* EXERCISE REQUIREMENTS
From the line containing "Modern Minimalist Pine" down to the line containing "Vertiron 25mg Tablet 25s", copy out the entries below exactly, both lines included, and nothing else; pictures do not belong in the copy.

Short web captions
+--

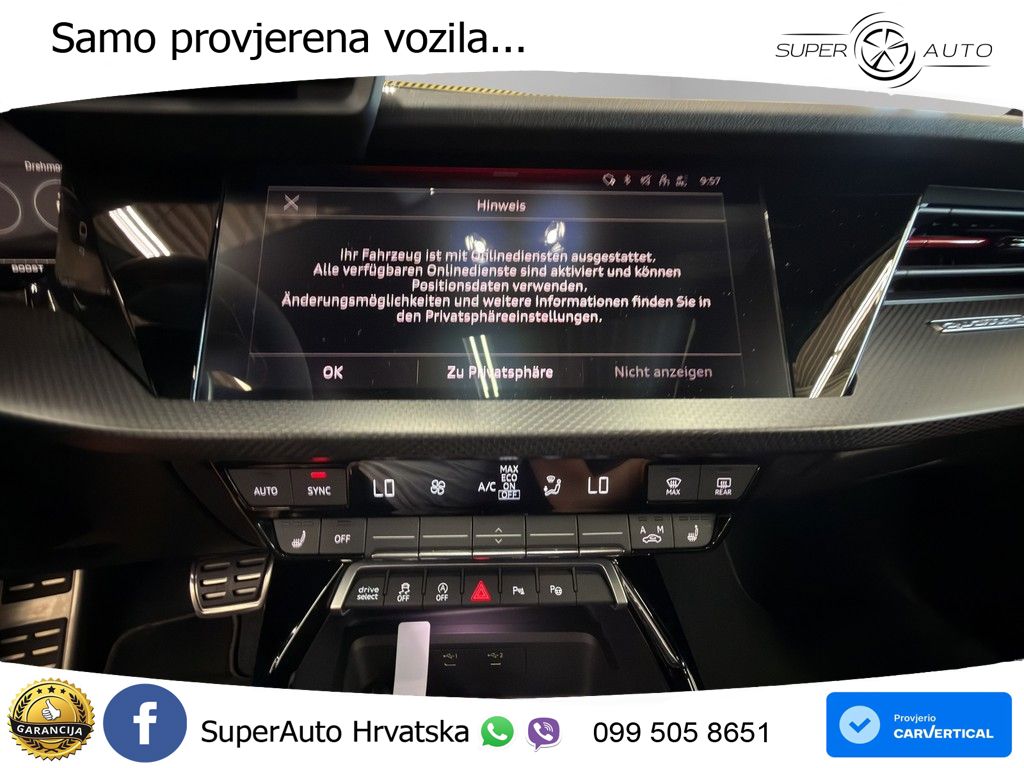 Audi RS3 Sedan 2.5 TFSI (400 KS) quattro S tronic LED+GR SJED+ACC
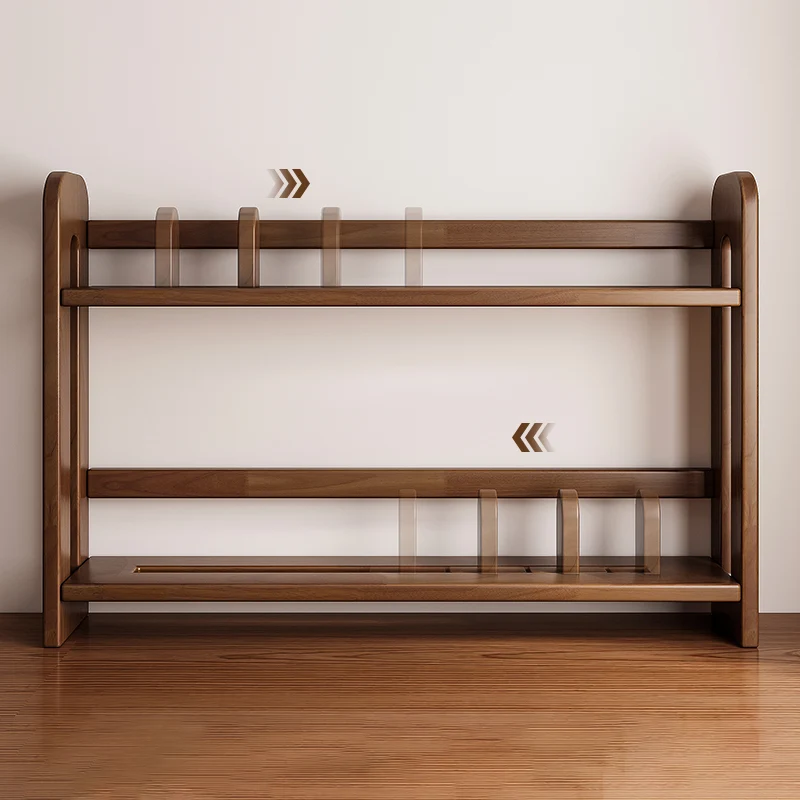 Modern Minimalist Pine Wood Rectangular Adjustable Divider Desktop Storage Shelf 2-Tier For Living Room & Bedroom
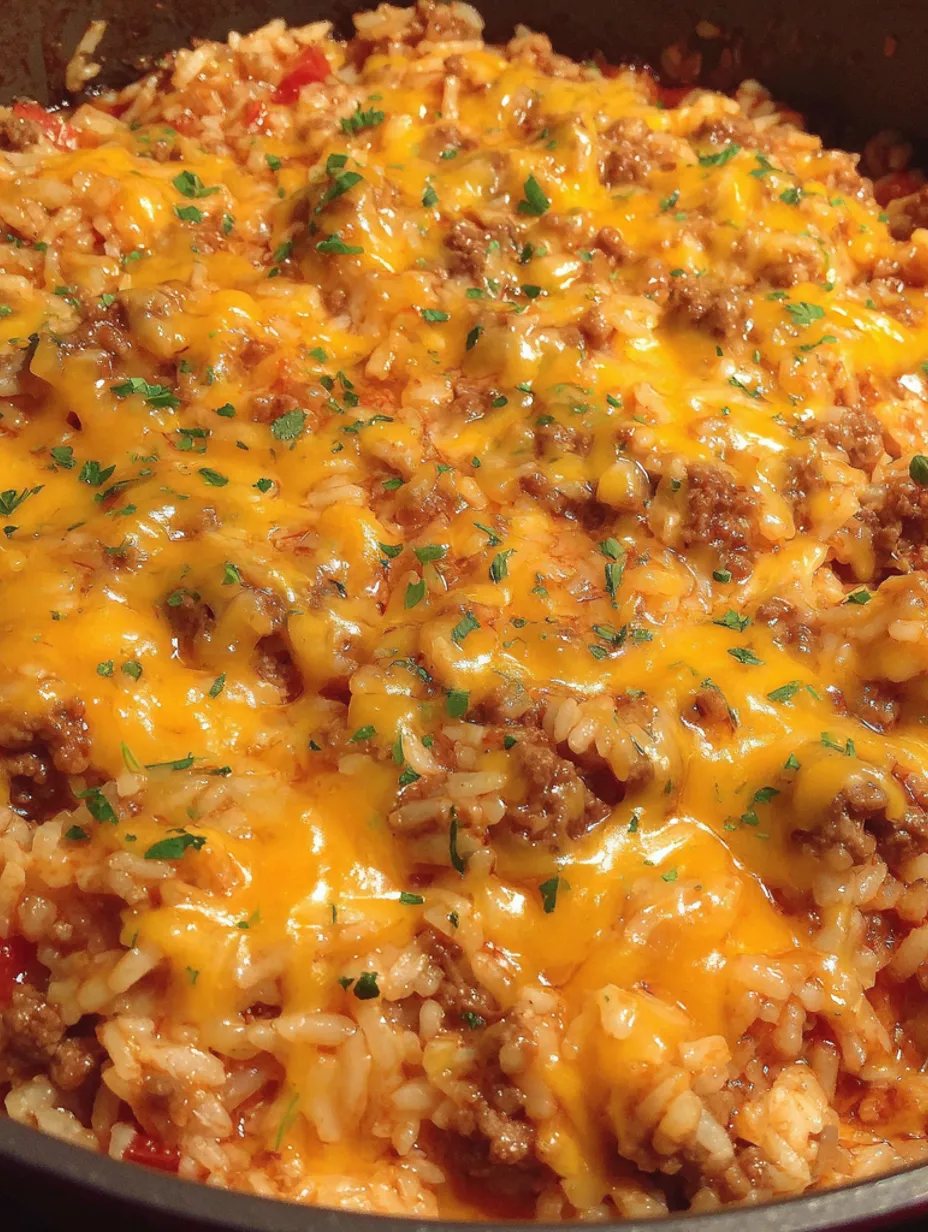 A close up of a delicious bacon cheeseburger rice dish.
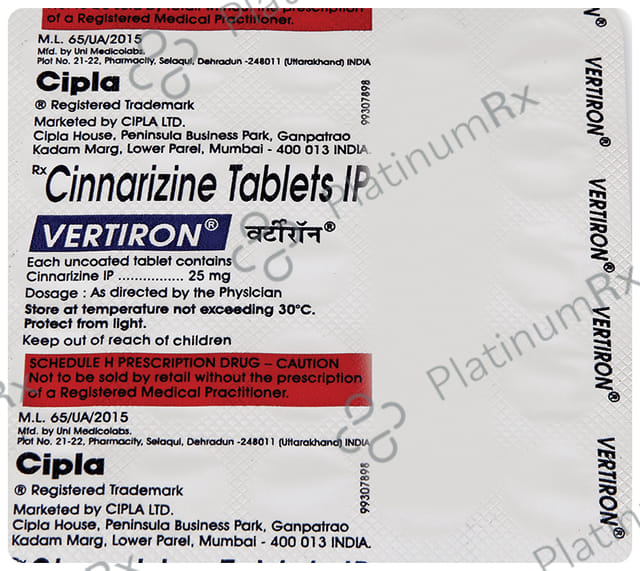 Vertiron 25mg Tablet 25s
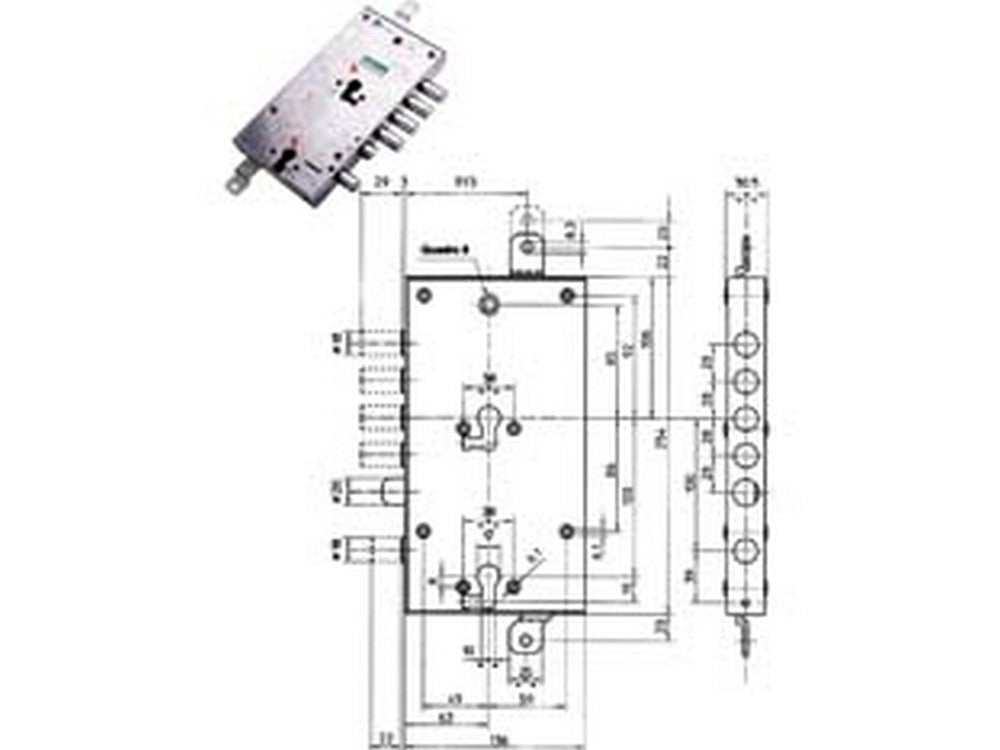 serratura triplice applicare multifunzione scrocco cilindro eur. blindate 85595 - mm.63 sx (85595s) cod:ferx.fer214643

+--

* EXERCISE SOLUTION
 Modern Minimalist Pine Wood Rectangular Adjustable Divider Desktop Storage Shelf 2-Tier For Living Room & Bedroom
 A close up of a delicious bacon cheeseburger rice dish.
 Vertiron 25mg Tablet 25s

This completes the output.